The median income for a household in the town was $33,519, and the median income for a family was $42,768. Males had a median income of $33,942 versus $20,139 for females. The per capita income for the town was $17,890. About 6.1% of families and 11.6% of the population were below the poverty line, including 17.5% of those under age 18 and 12.7% of those age 65 or over.

==Economy==
The main industries are bentonite mining, farming, sugar beet and bean processing, and tourism.

==Government==
Basin has a mayor and town council. There are four council members. In 2026 CJ Duncan was mayor.

The United States Postal Service operates the Basin Post Office.

==Arts and culture==
Basin is known as the "lilac town". In 1910 the community began a tree and shrub planting campaign. In 1936 it became a "lilac town" drive.

The town hosts the Big Horn County Fair each summer.

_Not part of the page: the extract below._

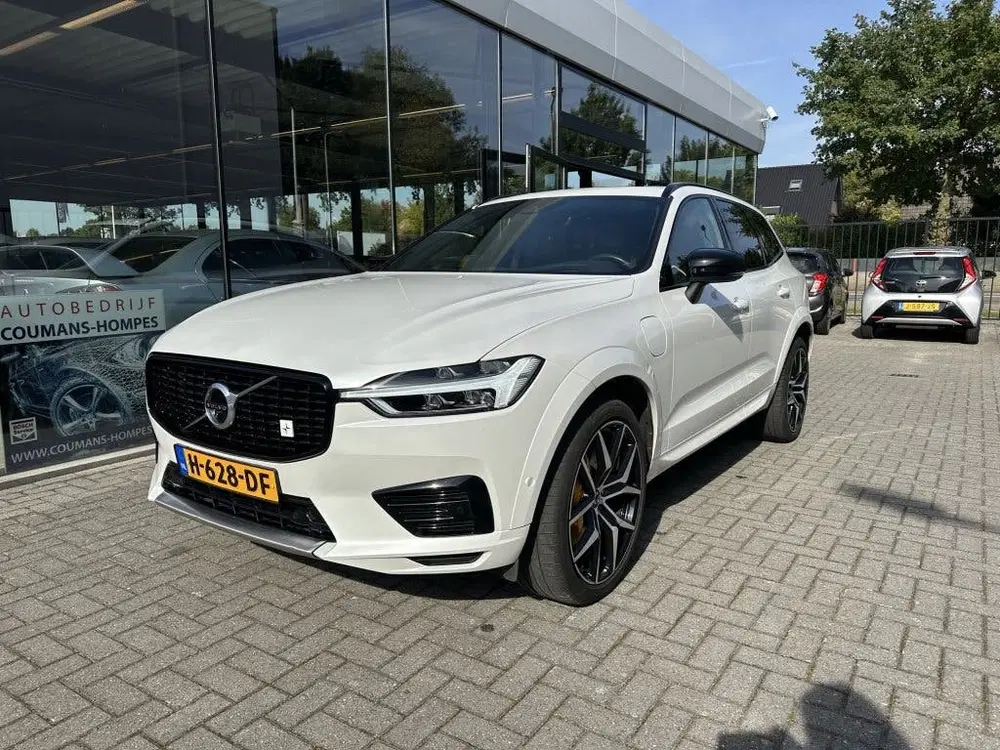 Volvo XC60 T8 Twin Engine 405pk Geartronic AWD Polest uit 2020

Basin has a public library, a branch of the Big Horn County Library System.

==Education==
Public education in the town of Basin is provided by Big Horn County School District #4. The district has three schools across a single campus – Laura Irwin Elementary School (grades K-5), Riverside Middle School (grades 6–8), and Riverside High School (grades 9–12). The middle school and high school both operate under one building, which is adjacent to the elementary school building.

==Health services==
The Wyoming Department of Health Wyoming Retirement Center, a nursing home, is located in Basin. The facility was operated by the Wyoming Board of Charities and Reform until that agency was dissolved as a result of a state constitutional amendment passed in November 1990.

==Transportation==
Intercity bus service to the city is provided by Express Arrow.